Dataset entries:
--

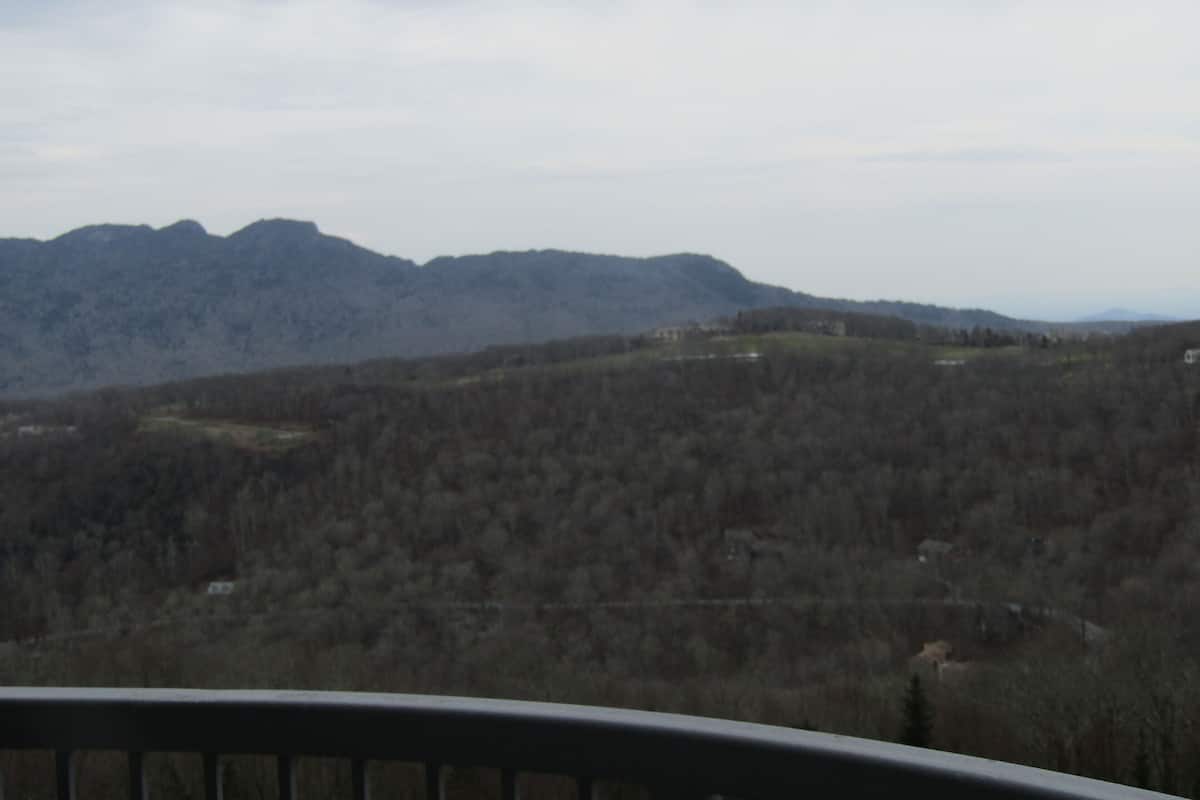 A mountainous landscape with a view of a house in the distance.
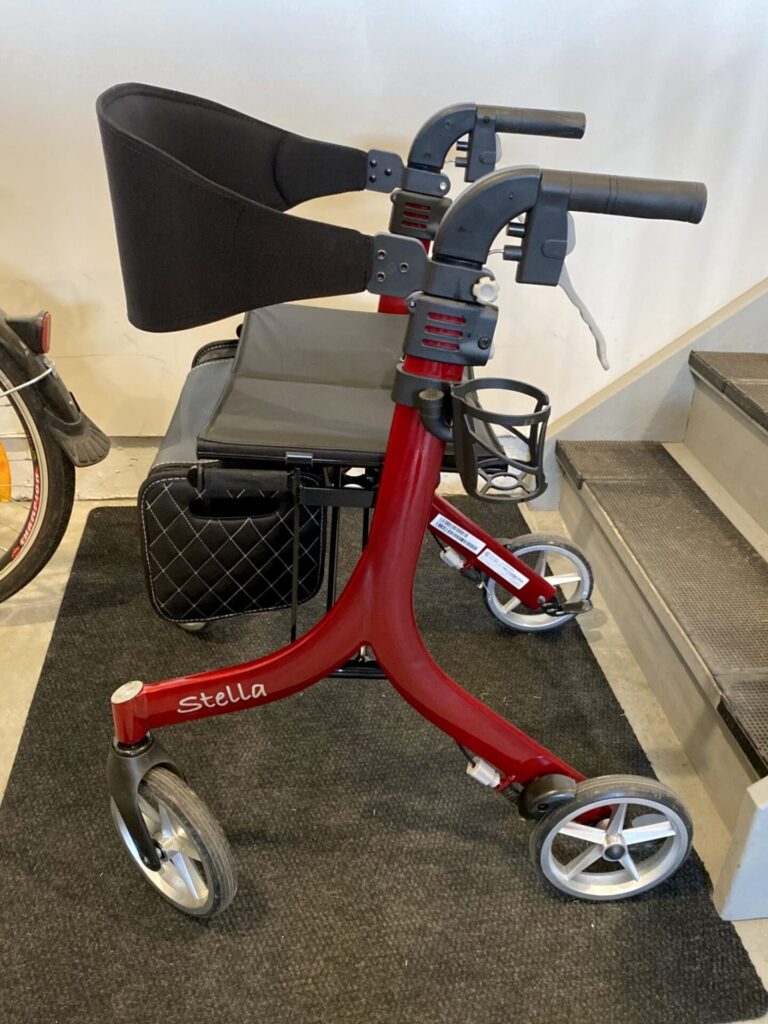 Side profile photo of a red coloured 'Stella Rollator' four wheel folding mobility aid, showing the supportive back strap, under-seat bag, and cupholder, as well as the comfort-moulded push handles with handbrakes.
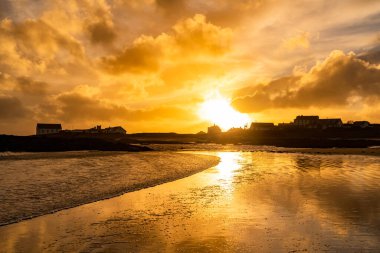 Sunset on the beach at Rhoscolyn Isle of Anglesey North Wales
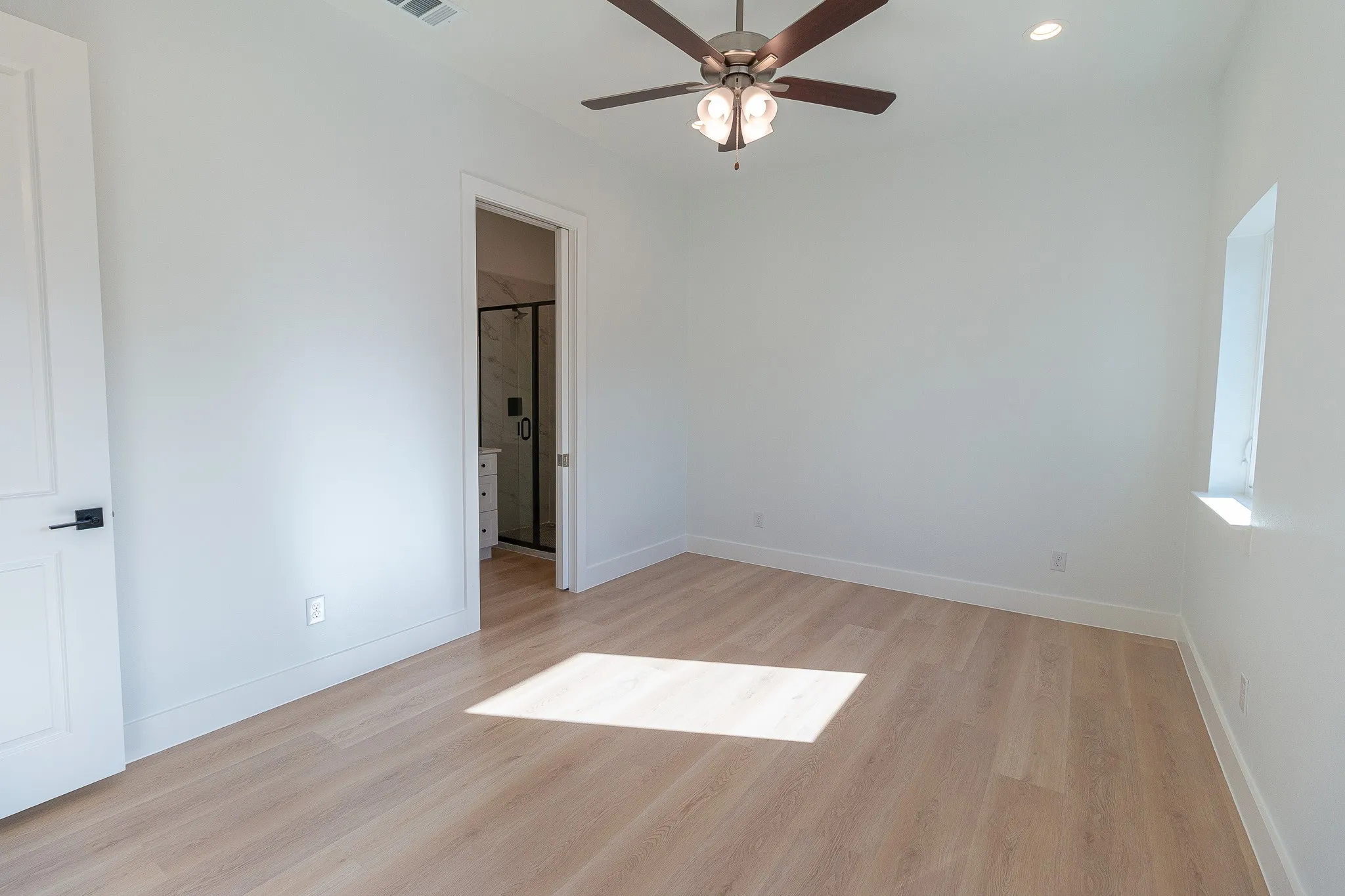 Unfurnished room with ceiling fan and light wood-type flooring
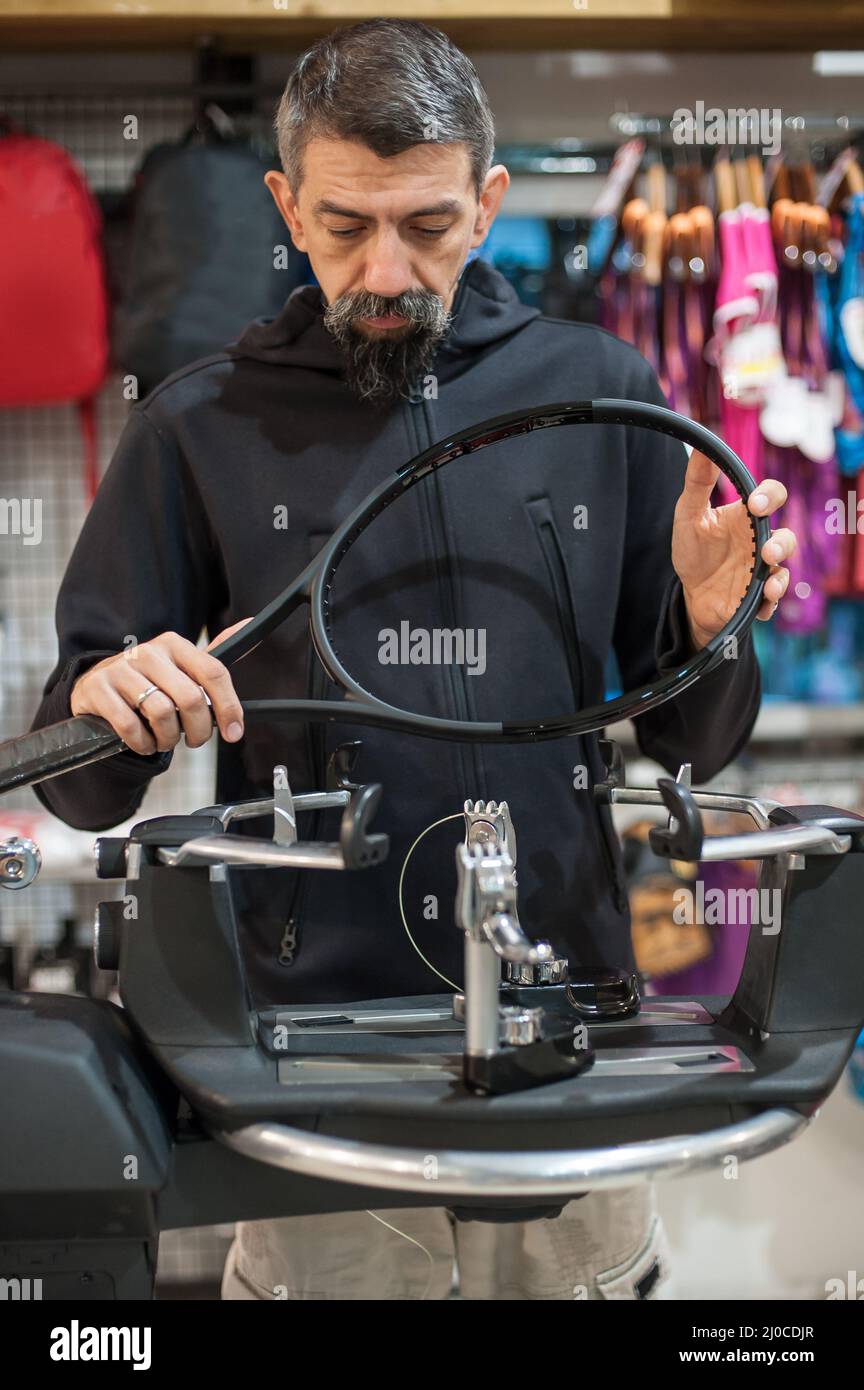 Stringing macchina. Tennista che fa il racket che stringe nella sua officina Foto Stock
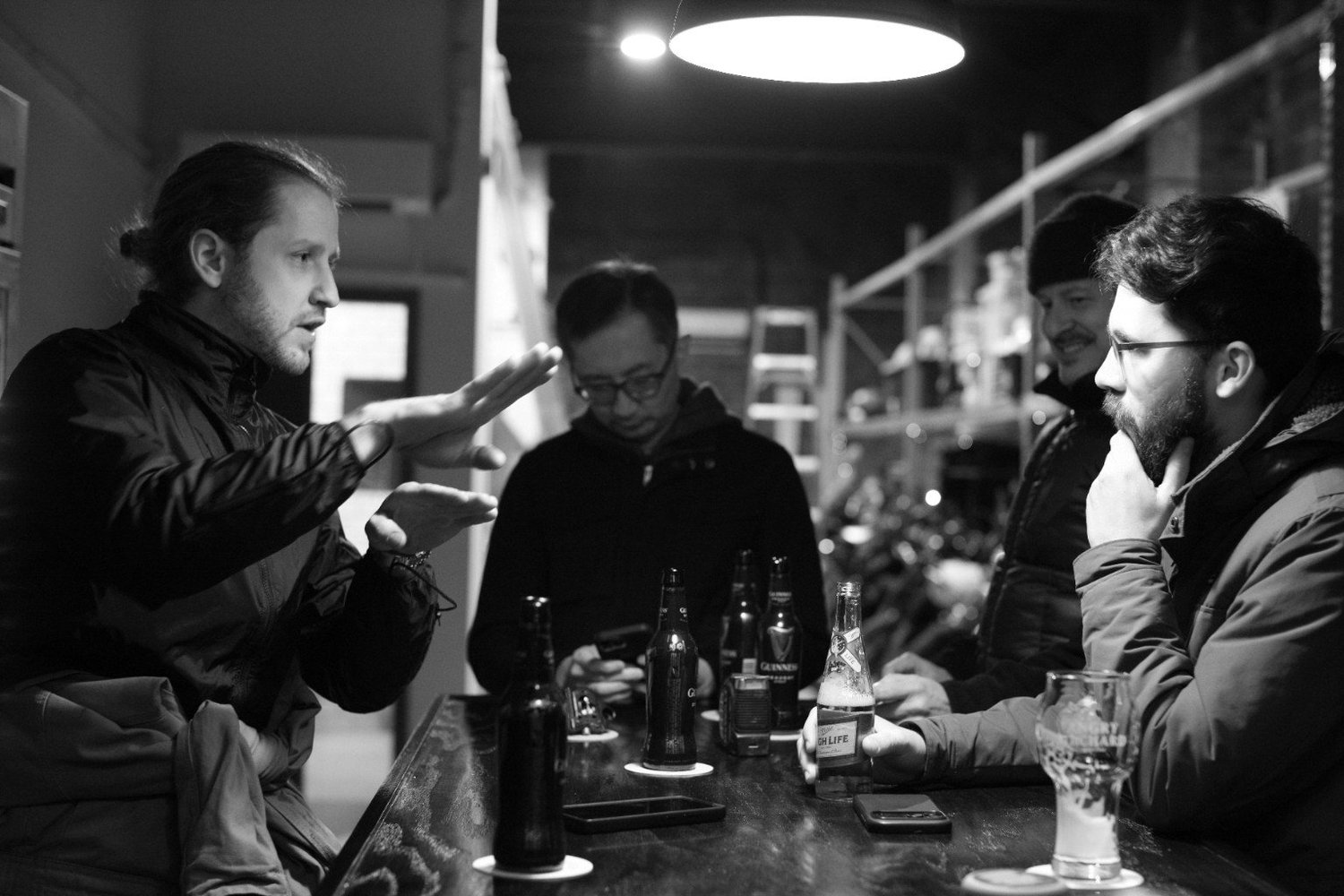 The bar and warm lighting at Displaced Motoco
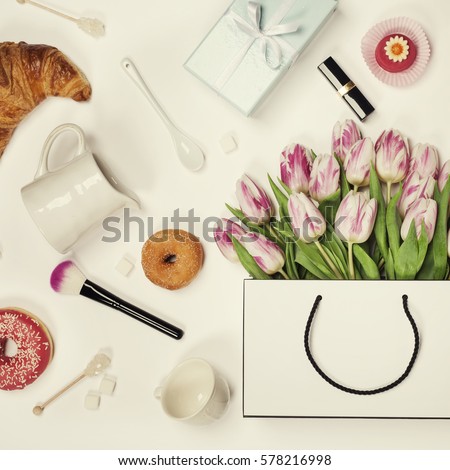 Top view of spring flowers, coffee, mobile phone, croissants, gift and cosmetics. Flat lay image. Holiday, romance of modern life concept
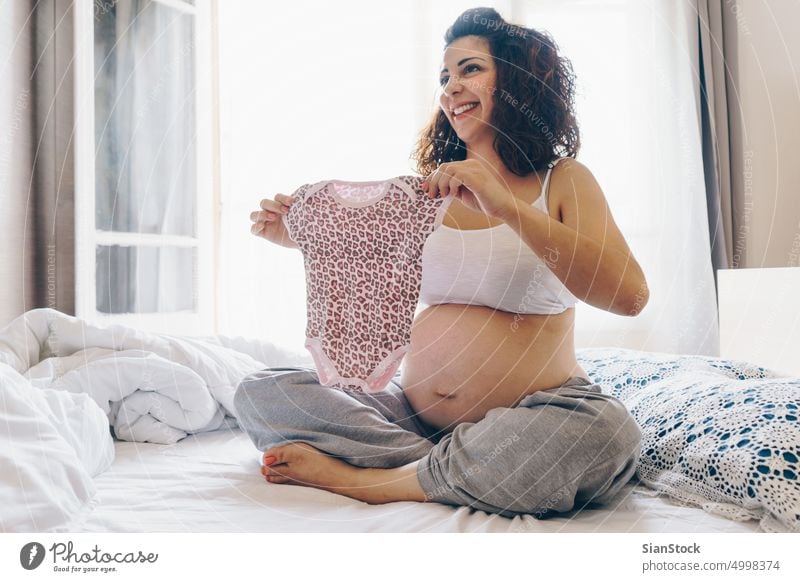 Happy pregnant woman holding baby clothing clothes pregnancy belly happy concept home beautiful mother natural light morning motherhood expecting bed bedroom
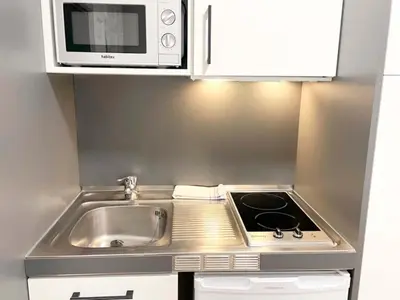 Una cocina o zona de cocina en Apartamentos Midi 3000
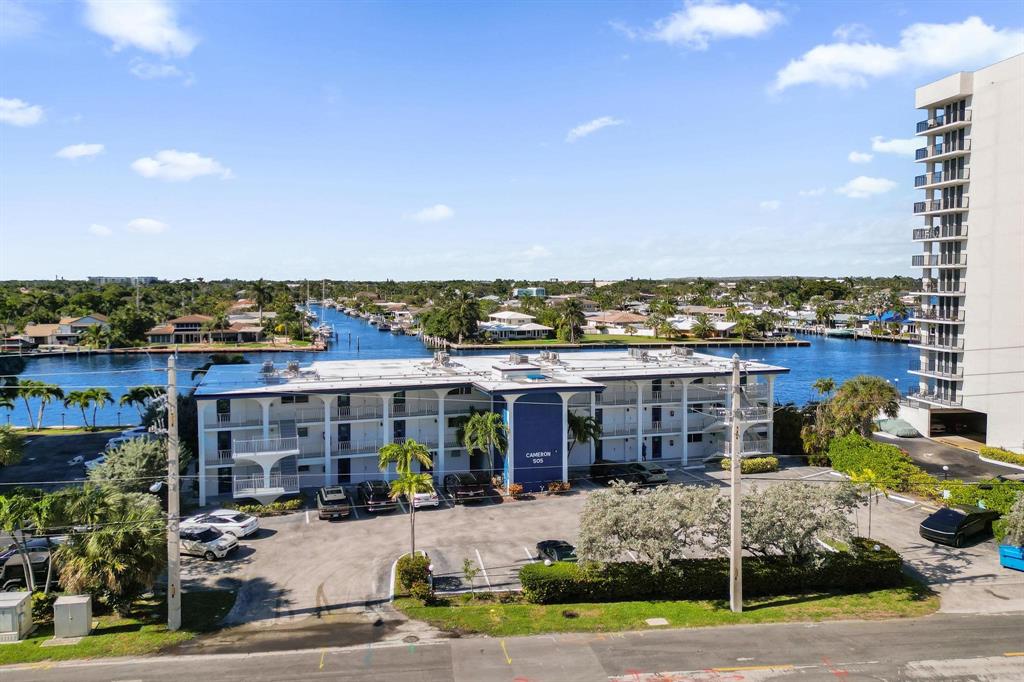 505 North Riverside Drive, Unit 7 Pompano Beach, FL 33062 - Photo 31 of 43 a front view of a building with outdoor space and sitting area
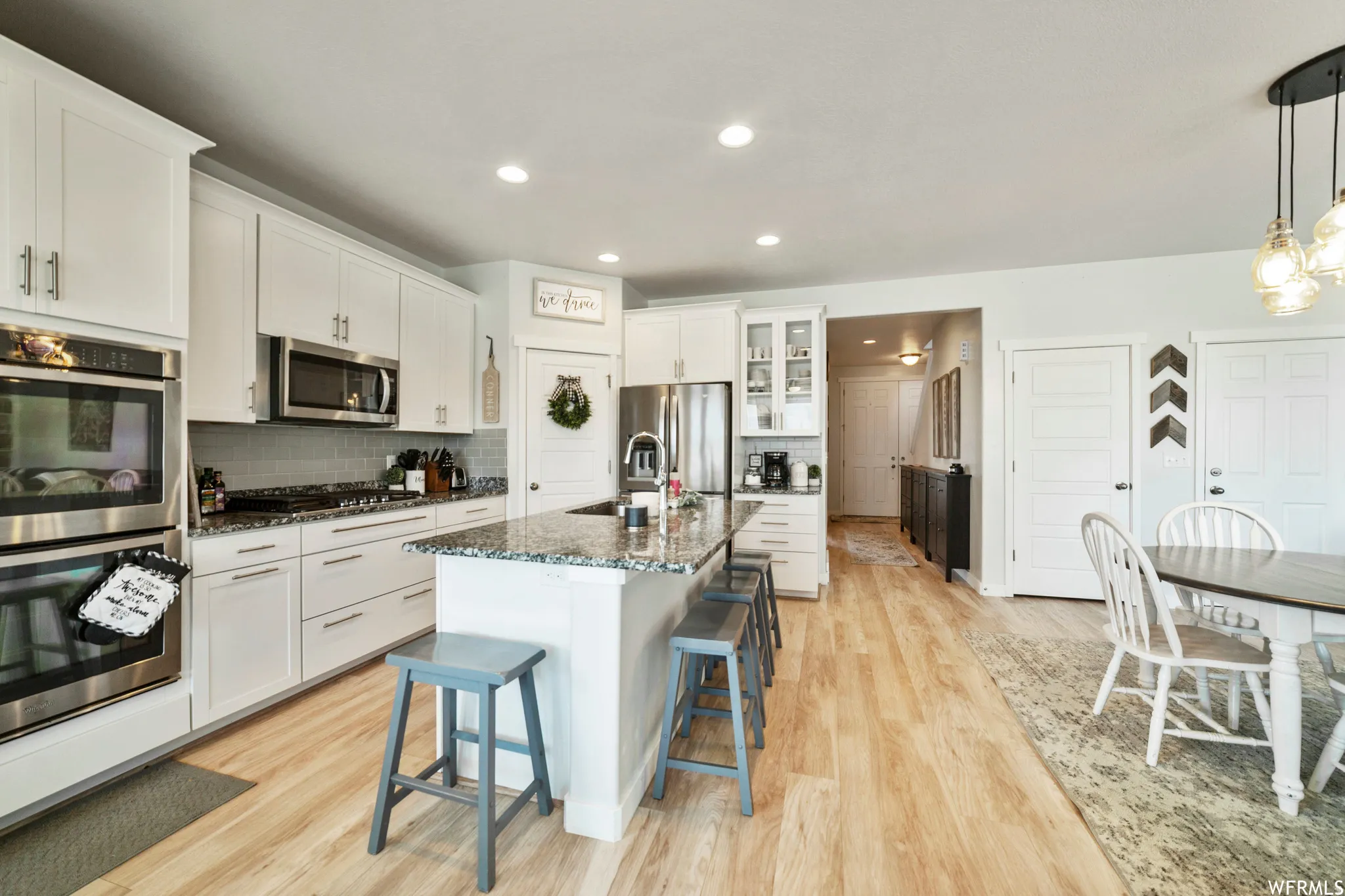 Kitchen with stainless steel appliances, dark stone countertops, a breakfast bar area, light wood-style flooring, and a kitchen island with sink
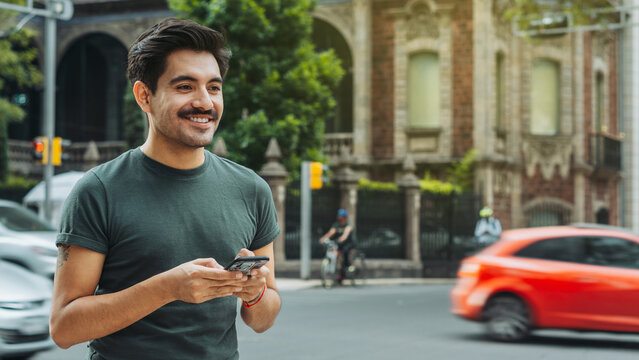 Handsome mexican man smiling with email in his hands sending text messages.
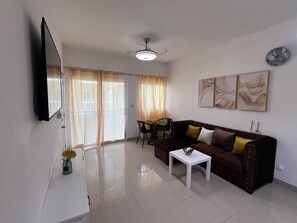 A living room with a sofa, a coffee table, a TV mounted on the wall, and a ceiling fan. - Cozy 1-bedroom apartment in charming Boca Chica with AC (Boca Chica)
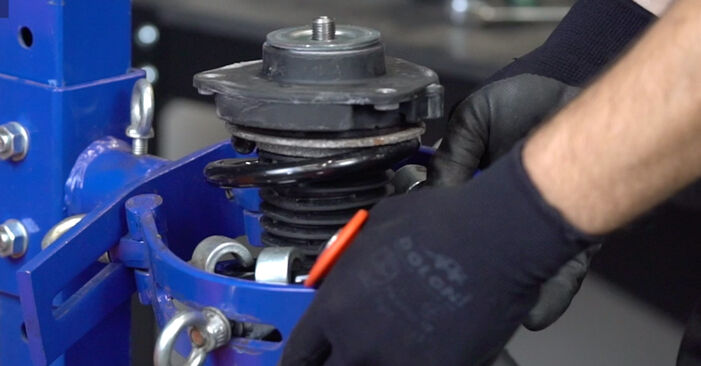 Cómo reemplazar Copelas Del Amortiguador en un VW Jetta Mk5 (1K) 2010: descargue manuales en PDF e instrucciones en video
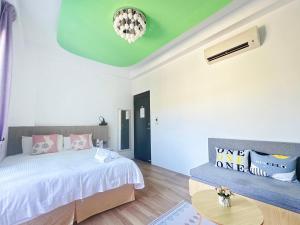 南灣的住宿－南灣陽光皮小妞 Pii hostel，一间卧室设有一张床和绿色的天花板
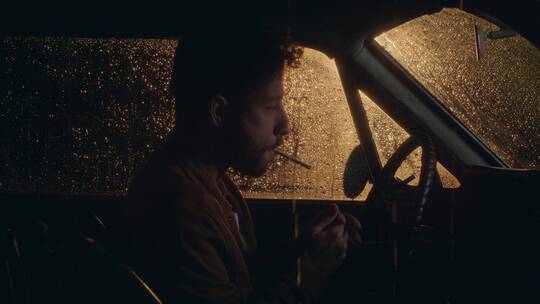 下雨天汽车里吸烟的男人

--

What is expected: What is needed is an exact repeat of the lines from the one containing "Cómo reemplazar Copelas" through the last line of the records above, both included, with pictures left out.

Output of the exercise:
 Cómo reemplazar Copelas Del Amortiguador en un VW Jetta Mk5 (1K) 2010: descargue manuales en PDF e instrucciones en video
 南灣的住宿－南灣陽光皮小妞 Pii hostel，一间卧室设有一张床和绿色的天花板
 下雨天汽车里吸烟的男人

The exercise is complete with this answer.